On Jan 8, 2005, at 7:21 PM, Bill Atkins wrote:

> Can you post the code?

Sure. The blogs variable is an array of the urls of blogs - I intend to 
eventually have these urls stored in MySQL, but for now an array works. 
I emptied that array so that those sites that I have in it aren't 
getting hit by too many people trying to help out. The threading is 
derived from a sample in "Programming Ruby." I'd love any additional 
feedback outside of dealing with the timeout issue.


#! /usr/local/bin/ruby -w

require 'open-uri'
require 'thread'

blogs = [ ]

buffer=Queue.new

# load the blogs into the queue
blogs.each do |blog|
   buffer.enq( blog )
end

consumers = (1..150).map do |i|
   Thread.new("consumer #{i}") do |name|
     begin
       blog = buffer.deq
       open( blog ) do |content|
         begin
           metas = content.read.scan( /<meta([^(>]*)>/m ).uniq
           metas.each do |current_meta|
             current_meta = current_meta.to_s

             if current_meta =~ /\s+name\s*=\s*[\"']([^\"']+)[\"']/
               name = $1
               current_meta =~ /\s+content\s*=\s*[\"']([^\"']+)[\"']/
               content = $1

               case name
               when "geo.position"
                 print "#{blog} \t #{content} \n"
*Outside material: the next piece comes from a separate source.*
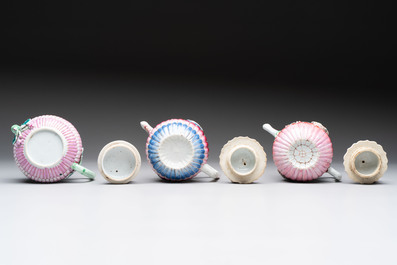 A group of five Chinese famille rose teapots and covers and three stands, Yongzheng/Qianlong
               when "ICBM"
                 print "#{blog} \t #{content} \n"
               end
             end
           end
         rescue Exception
           p "#{blog}: $! \n"
         end
       end
     end until buffer == :END_OF_WORK
   end
end

begin
   consumers.size.times{ buffer.enq(:END_OF_WORK) }
   consumers.each{|th| th.join}
rescue Exception
   print $!
end




--
Jason N Perkins
<http://sneer.org/>